• SOURCE MATERIAL:
____

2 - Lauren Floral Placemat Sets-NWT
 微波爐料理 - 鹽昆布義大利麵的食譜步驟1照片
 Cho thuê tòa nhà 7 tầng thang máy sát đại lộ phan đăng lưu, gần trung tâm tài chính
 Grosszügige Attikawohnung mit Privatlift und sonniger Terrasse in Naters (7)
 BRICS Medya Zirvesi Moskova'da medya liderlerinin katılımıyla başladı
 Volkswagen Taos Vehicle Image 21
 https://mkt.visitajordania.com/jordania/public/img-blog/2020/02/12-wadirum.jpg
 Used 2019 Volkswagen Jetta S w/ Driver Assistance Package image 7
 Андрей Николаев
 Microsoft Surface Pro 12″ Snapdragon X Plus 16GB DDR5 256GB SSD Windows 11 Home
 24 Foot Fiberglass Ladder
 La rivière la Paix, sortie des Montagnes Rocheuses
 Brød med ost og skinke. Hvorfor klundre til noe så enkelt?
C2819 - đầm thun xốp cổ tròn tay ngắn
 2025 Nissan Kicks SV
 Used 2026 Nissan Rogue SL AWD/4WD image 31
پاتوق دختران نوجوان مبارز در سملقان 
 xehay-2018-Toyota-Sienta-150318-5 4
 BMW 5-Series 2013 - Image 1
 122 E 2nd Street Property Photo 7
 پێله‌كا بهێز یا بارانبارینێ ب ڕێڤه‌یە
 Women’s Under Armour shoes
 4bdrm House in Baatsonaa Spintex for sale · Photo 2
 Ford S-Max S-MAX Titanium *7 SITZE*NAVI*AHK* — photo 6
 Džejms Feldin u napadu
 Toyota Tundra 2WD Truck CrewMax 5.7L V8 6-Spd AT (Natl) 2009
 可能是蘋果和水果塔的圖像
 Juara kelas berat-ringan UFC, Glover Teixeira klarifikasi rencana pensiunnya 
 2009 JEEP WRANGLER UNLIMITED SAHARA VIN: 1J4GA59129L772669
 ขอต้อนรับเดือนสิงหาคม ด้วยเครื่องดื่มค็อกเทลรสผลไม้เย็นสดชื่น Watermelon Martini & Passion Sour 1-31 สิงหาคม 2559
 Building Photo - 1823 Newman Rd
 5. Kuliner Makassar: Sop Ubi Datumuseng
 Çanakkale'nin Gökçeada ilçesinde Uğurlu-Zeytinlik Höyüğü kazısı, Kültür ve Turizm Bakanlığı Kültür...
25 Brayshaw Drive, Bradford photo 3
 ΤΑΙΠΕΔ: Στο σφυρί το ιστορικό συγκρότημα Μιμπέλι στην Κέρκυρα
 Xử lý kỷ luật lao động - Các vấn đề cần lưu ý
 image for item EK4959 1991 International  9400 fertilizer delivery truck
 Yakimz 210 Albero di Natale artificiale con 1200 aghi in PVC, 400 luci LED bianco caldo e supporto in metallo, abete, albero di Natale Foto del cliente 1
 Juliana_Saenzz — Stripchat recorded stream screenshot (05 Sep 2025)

____

• WHAT YOU ARE ASKED TO DO: Repeat exactly, and only, the run of lines from the start of the material above through the line that holds "4bdrm House in".

• ANSWER TO THIS EXERCISE:
2 - Lauren Floral Placemat Sets-NWT
 微波爐料理 - 鹽昆布義大利麵的食譜步驟1照片
 Cho thuê tòa nhà 7 tầng thang máy sát đại lộ phan đăng lưu, gần trung tâm tài chính
 Grosszügige Attikawohnung mit Privatlift und sonniger Terrasse in Naters (7)
 BRICS Medya Zirvesi Moskova'da medya liderlerinin katılımıyla başladı
 Volkswagen Taos Vehicle Image 21
 https://mkt.visitajordania.com/jordania/public/img-blog/2020/02/12-wadirum.jpg
 Used 2019 Volkswagen Jetta S w/ Driver Assistance Package image 7
 Андрей Николаев
 Microsoft Surface Pro 12″ Snapdragon X Plus 16GB DDR5 256GB SSD Windows 11 Home
 24 Foot Fiberglass Ladder
 La rivière la Paix, sortie des Montagnes Rocheuses
 Brød med ost og skinke. Hvorfor klundre til noe så enkelt?
C2819 - đầm thun xốp cổ tròn tay ngắn
 2025 Nissan Kicks SV
 Used 2026 Nissan Rogue SL AWD/4WD image 31
پاتوق دختران نوجوان مبارز در سملقان 
 xehay-2018-Toyota-Sienta-150318-5 4
 BMW 5-Series 2013 - Image 1
 122 E 2nd Street Property Photo 7
 پێله‌كا بهێز یا بارانبارینێ ب ڕێڤه‌یە
 Women’s Under Armour shoes
 4bdrm House in Baatsonaa Spintex for sale · Photo 2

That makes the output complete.